##### EXCERPTED RECORDS #####

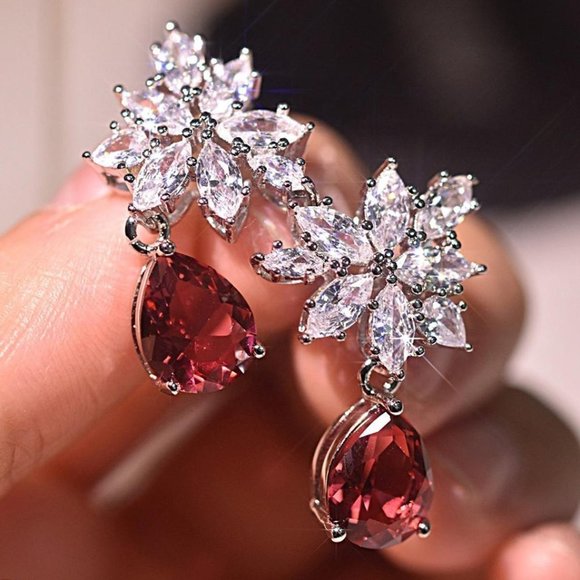 🍁Water Drop Ruby CZ Shiny Leaf Pear Drop Earrings, GPMB1412 - Picture 3 of 4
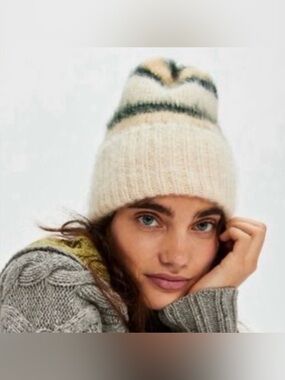 New Free People The Groove Striped Knit Beanie in Cream, Black & Yellow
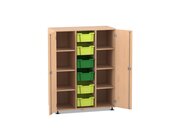 Flexeo Schrank mit 3 Reihen, 9 Boxen hell-/dunkelgr�n , 2 T�ren, Dekor buche hell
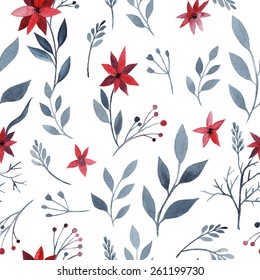 Beautiful hand drawn seamless pattern in watercolor style (paper, paint, brush) with isolated painted red flowers, grass, branches rowan berry. Winter background and wallpaper - vector illustration 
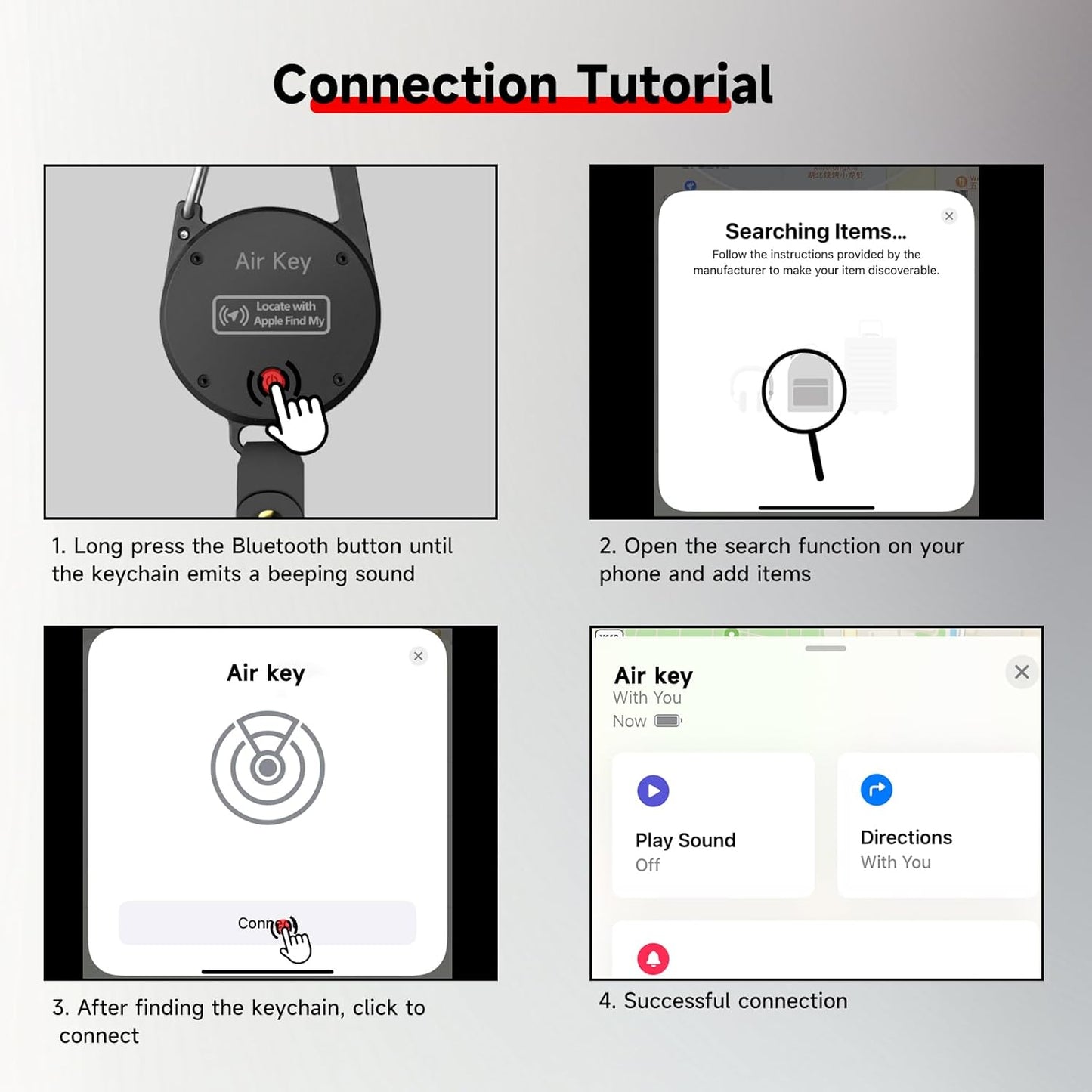 Keychain, Key Finder Works with Apple Find My, llaveros para Hombres,Carabiner Car Key Chains with GPS Tracker, Anti-Lost Keyring Finder Locator, Minimalist Key Holder for Men (iOS Only),Black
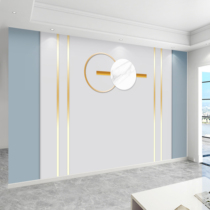 Light extravagant geometric TV Background wall Bamboo Wood Fiber Integrated Wall Panel Line Nordic Bedroom Headboard Decorative wall panel
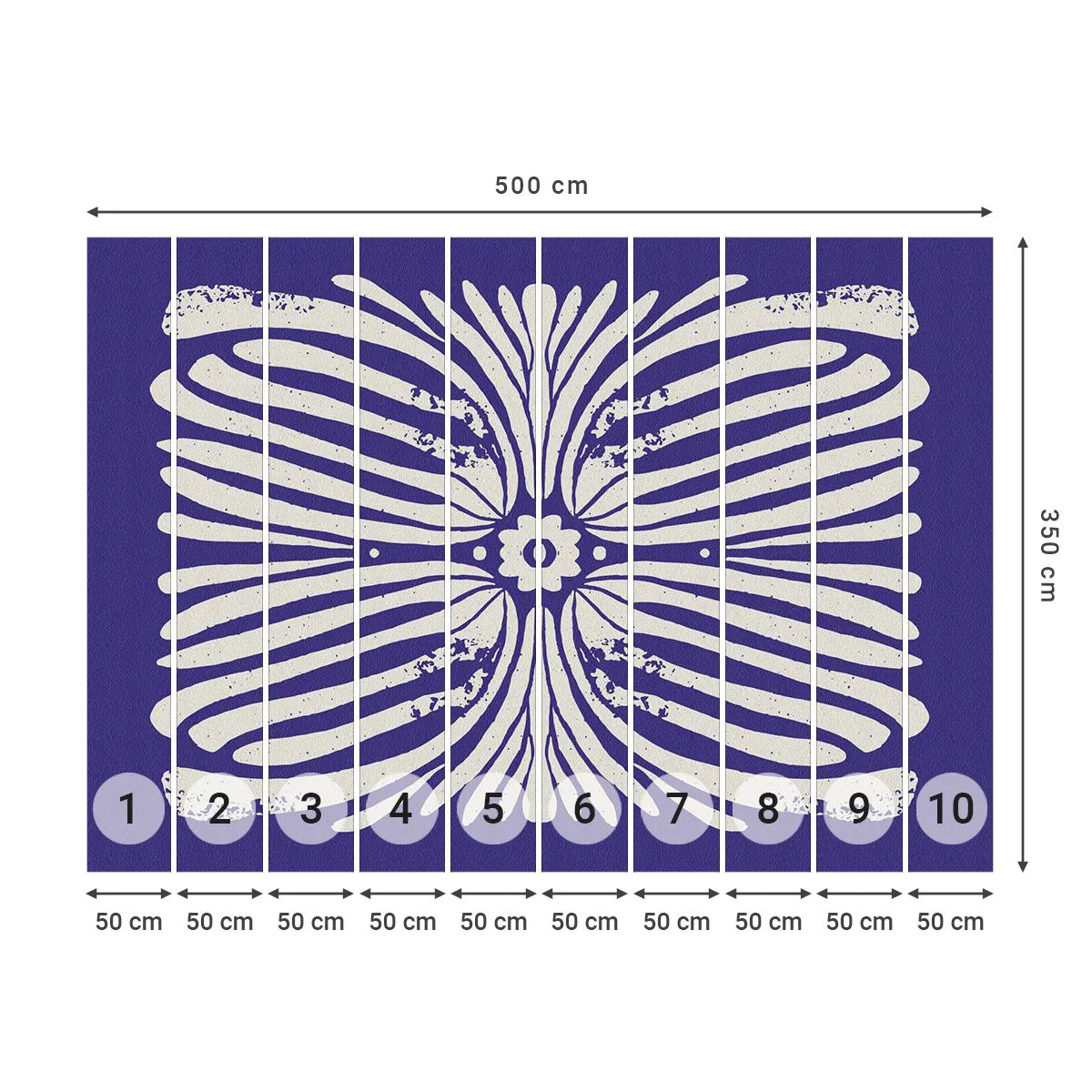Fototapet Premium Sand - Etnisk inspiration - Boho, Botanisk, Bit - 500x350 cm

#####

PROBLEM TO SOLVE: With the pictures left out, copy exactly the lines from the one containing "Flexeo Schrank mit" through the last line of the data.

ANSWER FOR THE TASK:
 Flexeo Schrank mit 3 Reihen, 9 Boxen hell-/dunkelgr�n , 2 T�ren, Dekor buche hell
 Beautiful hand drawn seamless pattern in watercolor style (paper, paint, brush) with isolated painted red flowers, grass, branches rowan berry. Winter background and wallpaper - vector illustration 
 Keychain, Key Finder Works with Apple Find My, llaveros para Hombres,Carabiner Car Key Chains with GPS Tracker, Anti-Lost Keyring Finder Locator, Minimalist Key Holder for Men (iOS Only),Black
 Light extravagant geometric TV Background wall Bamboo Wood Fiber Integrated Wall Panel Line Nordic Bedroom Headboard Decorative wall panel
Fototapet Premium Sand - Etnisk inspiration - Boho, Botanisk, Bit - 500x350 cm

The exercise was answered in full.